◆ **THE PROBLEM**:
The answer must consist of each line of the records below that contains the string "Cover".

[Stored dataset items]

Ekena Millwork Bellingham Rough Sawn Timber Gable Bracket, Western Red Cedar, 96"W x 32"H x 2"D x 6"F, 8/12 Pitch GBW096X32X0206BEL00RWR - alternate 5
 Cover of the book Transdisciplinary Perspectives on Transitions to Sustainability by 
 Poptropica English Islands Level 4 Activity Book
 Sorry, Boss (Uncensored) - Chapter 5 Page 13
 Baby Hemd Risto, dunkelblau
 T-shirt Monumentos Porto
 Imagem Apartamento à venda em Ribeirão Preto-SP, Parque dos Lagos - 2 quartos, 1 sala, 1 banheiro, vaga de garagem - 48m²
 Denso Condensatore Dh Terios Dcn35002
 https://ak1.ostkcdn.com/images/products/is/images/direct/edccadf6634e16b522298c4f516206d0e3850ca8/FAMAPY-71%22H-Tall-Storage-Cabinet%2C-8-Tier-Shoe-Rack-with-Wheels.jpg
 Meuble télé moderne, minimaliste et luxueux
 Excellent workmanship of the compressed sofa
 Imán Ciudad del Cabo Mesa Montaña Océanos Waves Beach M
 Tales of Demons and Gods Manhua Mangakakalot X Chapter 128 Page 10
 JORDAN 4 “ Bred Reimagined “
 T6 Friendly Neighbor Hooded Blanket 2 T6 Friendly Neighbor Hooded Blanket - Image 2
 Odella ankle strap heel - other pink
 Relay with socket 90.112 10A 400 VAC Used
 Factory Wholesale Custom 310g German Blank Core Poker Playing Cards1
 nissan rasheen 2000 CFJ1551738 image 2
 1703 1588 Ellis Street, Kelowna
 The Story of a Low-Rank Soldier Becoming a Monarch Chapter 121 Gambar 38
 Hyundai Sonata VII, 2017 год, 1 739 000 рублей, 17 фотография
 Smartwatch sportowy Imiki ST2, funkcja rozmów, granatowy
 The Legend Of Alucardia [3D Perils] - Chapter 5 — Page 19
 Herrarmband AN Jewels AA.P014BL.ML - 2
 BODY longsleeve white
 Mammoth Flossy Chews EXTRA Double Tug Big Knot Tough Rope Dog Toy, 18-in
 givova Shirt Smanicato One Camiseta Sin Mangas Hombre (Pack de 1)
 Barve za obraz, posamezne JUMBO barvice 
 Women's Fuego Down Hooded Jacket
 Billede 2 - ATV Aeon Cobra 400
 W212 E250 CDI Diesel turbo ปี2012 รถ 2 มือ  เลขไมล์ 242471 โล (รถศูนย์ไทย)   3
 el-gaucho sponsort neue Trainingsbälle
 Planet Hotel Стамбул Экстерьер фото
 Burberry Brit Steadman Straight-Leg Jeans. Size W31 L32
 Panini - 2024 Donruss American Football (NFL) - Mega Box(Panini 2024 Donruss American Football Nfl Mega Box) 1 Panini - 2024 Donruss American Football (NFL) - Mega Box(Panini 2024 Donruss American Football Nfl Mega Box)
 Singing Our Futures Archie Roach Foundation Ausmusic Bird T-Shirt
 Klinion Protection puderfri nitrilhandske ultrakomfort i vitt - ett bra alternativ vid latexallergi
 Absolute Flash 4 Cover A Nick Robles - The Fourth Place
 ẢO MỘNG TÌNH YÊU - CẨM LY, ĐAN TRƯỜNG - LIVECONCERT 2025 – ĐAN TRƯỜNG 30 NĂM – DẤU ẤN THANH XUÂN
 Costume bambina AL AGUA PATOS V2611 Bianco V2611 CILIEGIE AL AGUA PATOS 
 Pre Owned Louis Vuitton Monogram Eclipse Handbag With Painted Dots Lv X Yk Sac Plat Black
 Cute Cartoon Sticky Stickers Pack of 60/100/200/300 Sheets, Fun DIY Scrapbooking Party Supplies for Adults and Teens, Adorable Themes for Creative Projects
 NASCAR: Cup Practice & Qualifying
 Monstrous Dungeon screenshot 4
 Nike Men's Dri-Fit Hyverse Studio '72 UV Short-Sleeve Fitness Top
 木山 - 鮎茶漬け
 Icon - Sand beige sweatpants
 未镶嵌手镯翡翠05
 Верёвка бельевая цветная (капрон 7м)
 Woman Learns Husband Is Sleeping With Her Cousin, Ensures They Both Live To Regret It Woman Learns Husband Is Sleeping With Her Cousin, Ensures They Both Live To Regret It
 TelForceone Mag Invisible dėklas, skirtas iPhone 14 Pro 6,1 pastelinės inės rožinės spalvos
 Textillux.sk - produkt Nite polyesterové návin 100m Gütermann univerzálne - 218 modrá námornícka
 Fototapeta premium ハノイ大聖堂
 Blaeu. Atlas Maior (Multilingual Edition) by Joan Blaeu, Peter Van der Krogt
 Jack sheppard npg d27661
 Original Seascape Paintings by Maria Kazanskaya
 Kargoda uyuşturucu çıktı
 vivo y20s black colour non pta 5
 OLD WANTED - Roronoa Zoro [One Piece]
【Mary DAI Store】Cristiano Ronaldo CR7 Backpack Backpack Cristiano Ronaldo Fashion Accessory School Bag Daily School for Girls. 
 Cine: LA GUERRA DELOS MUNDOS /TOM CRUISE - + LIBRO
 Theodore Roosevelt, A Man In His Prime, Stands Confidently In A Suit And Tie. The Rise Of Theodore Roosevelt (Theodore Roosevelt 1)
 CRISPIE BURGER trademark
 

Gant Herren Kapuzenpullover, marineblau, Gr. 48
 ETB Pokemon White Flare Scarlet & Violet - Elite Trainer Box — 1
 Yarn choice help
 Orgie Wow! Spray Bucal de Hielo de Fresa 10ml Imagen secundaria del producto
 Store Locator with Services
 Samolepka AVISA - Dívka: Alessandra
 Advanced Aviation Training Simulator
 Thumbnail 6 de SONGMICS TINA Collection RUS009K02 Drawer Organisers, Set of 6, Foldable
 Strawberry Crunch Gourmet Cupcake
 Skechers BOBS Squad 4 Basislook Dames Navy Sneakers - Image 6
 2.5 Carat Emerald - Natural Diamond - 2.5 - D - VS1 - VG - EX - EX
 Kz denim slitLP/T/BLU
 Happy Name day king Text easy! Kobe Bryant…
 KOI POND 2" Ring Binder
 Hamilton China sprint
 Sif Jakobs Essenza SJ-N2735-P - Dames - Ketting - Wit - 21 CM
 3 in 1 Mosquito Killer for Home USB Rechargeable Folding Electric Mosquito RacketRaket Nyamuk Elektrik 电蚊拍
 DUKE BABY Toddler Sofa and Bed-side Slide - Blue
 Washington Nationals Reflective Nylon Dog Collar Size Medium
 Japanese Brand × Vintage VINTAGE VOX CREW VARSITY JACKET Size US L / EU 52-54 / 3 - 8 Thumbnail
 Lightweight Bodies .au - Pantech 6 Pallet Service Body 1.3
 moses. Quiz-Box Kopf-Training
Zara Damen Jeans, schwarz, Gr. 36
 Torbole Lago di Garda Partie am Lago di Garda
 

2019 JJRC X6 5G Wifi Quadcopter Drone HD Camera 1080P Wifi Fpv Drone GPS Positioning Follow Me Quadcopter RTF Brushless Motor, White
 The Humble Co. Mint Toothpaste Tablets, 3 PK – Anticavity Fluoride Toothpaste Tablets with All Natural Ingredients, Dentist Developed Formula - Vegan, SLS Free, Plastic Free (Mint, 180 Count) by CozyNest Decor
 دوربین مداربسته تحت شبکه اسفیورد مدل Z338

◆ **RESULT FOR THIS TASK**:
 Cover of the book Transdisciplinary Perspectives on Transitions to Sustainability by 
 Absolute Flash 4 Cover A Nick Robles - The Fourth Place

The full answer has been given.